I’ve known men who were willing to stay up hours past bedtime giving away dozens of $14 cocktails and pretending to enjoy shitty music while making absolute fools of themselves on the dance floor and telling ridiculous lies about their socioeconomic status just for a ~5% chance of getting laid.

Like I tried to explain before, it’s a risk-benefit analysis. Men experience minimal risks and high benefit from having sex, women experience a lot of negative effects and often minimal benefit from having sex. Plus there is the cultural component-our culture shames and stigmatizes women who admit to having a sex drive and encourage men to exaggerate and brag about theirs.

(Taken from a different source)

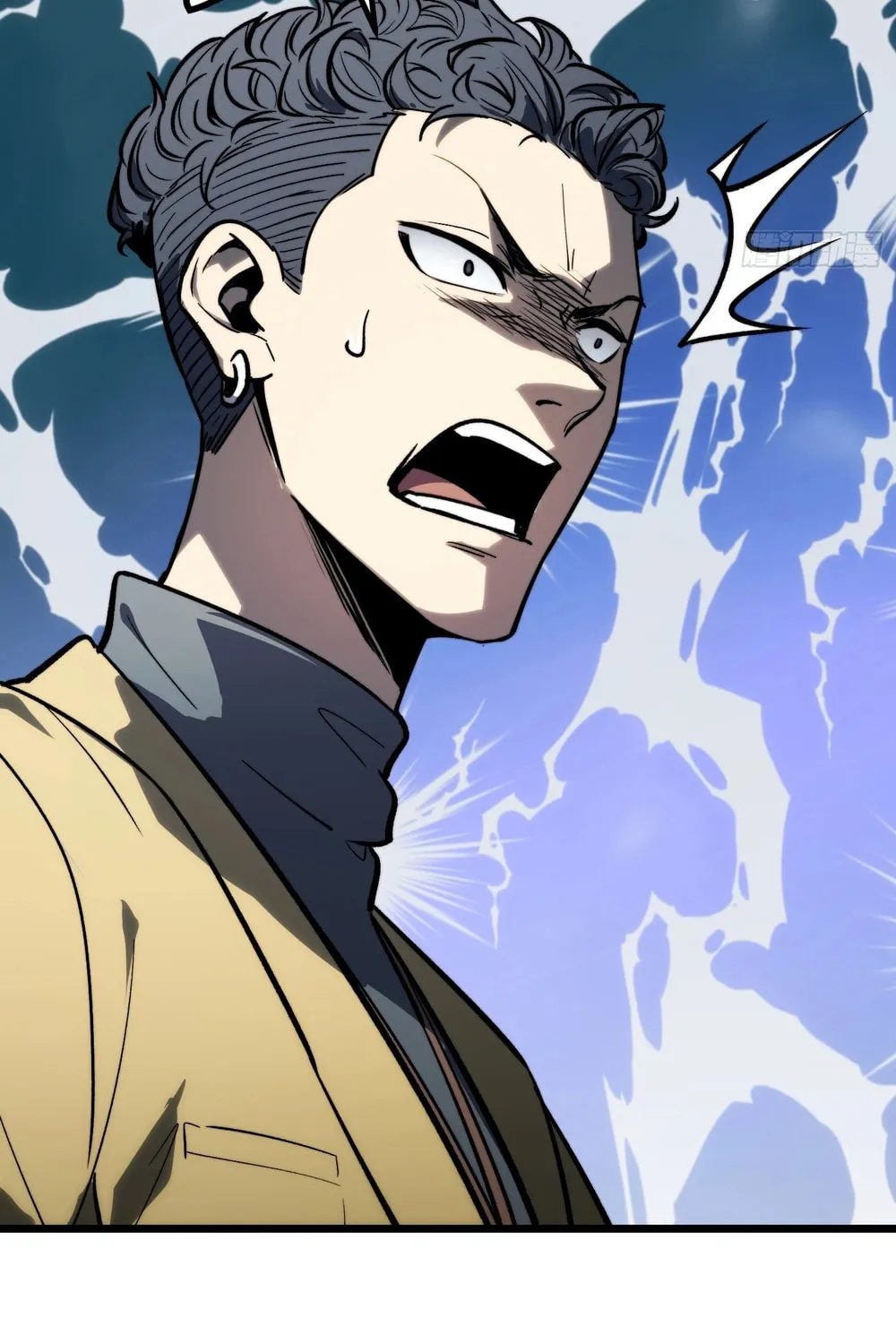 Read All Class Awakening God Slayer EN Manga Online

I don’t get all the off-the-cuff insistence that animals can’t resist the urge to mate. We see them do so all the time. When a male bird sings and dances to impress a female, and his performance doesn’t impress her, neither one of them mates. Sometimes when animals DO choose to go at it, they look for a safe/sheltered place (from predators, not preachers or paparazzi) first – and put off the urge at least temporarily. When I watched elephant seals on a California beach this spring, I could see males chasing other males away from their “harems,” and the loser males clearly decided to suppress their urges until a safer opportunity, at least.

I think the entire question is more an artifact of how we like to think about ourselves as somehow magically disrinct from animals than it is an inquiry into any real phenomenon.

:: wistful ::

Ah, high school…

Animals don’t have religious or cultural taboos.